Seriously size isn’t everything I’m 6’ 207 and I can’t even touch 80, I haven’t been clocked in a long time due to a lack of throwing space and a gun but last I remember I was only in the 70s.

Size probably does have something to do with it. Nothing you can do about the height. However, by how much you said you weigh, you need ot put on some muscle. My son is between 5’8" and 5’9", but weighs between 165 and 170. End of last summer, he was throwing 86.

Get yourself on a weight lifting program. Not just any program, but one designed for pitchers. The big thing you don’t want to do is a lot of exercises where you are lifting heavy weights above your head, or bench presses with a straight bar. Do a lot of low weight, high rep exercised for your upper body and work the stink out of your legs. You will get alot of power in your drive to the plate if you really strengthen your legs.

Do an internet search for pitchers weight lifting programs and hit it. Keep throwing, make sure your mechanics are sound. Don’t give up yet. Good luck to you.

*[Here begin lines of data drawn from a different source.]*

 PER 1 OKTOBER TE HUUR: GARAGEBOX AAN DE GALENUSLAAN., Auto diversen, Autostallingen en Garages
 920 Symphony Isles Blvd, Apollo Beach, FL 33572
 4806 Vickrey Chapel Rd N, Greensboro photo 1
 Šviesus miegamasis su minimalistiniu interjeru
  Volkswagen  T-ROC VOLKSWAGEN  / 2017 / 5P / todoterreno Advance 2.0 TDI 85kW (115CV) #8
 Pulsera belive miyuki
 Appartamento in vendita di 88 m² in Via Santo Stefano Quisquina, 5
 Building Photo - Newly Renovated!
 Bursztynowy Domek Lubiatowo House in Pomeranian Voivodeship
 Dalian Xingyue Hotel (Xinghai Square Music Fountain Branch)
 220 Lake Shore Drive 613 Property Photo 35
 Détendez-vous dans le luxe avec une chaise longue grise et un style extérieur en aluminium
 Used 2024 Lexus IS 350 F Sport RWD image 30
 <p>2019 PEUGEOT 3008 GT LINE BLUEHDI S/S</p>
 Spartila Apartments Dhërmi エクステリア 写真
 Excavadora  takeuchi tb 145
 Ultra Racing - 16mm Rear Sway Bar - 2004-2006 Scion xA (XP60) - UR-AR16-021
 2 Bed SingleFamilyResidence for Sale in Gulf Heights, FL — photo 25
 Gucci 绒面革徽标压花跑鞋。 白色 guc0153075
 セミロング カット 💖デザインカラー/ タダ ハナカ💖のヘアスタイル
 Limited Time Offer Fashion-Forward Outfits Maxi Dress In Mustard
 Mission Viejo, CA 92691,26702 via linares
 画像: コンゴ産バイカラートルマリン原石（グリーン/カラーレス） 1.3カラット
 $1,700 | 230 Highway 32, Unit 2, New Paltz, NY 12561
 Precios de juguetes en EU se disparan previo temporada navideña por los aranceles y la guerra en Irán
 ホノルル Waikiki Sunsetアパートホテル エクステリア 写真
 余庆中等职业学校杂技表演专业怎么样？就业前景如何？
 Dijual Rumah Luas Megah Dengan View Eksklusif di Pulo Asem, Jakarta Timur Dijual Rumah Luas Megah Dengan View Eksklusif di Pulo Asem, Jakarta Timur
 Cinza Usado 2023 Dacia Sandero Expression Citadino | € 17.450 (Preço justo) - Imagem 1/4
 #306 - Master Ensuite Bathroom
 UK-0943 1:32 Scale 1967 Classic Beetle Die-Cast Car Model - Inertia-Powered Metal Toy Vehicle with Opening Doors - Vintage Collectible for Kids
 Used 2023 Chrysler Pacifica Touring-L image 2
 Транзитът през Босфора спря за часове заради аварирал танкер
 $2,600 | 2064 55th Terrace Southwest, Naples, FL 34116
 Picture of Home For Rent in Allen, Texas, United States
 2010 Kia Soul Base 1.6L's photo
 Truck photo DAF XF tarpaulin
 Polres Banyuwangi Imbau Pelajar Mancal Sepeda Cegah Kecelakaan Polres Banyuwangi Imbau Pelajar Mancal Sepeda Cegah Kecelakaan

You know, I have a sneaking suspicion that you have not yet reached your full growth. Some guys hit a growth spurt later on and don’t reach their full height until they hit 19 or 20, so don’t give up. However, you do need to put on some weight, and you would do well to eat more in addition to some good workouts.
And even if you have reached your full height, don’t worry about it. Not everyone can be a Bob Feller or Vic Raschi or Bob Gibson, to name just three fireballers—but there are a lot of very, very good pitchers these days who, while they don’t exceed 90 miles an hour, are effective because they have good stuff and good control and command of it. So stick with it. :slight_smile:

Nolan Ryan was 155 lbs when he signed. Size doesn’t matter when it comes to velocity. Proper throwing mechanics actually do play a big role when the majority of your momentum is going toward home plate and your stride is at least as long as you are tall you gain proper momentum. Momentum, in the right direction, brings velocity.
In pitching, or any sport for that matter, you are only as strong as your weakest link. Since pitching requires total body strength, elasticity etc. It is imperative that you participate in a pitching specific workout program. your core plays a major role iin your workout program because it is the hub that connects everything together. Good luck!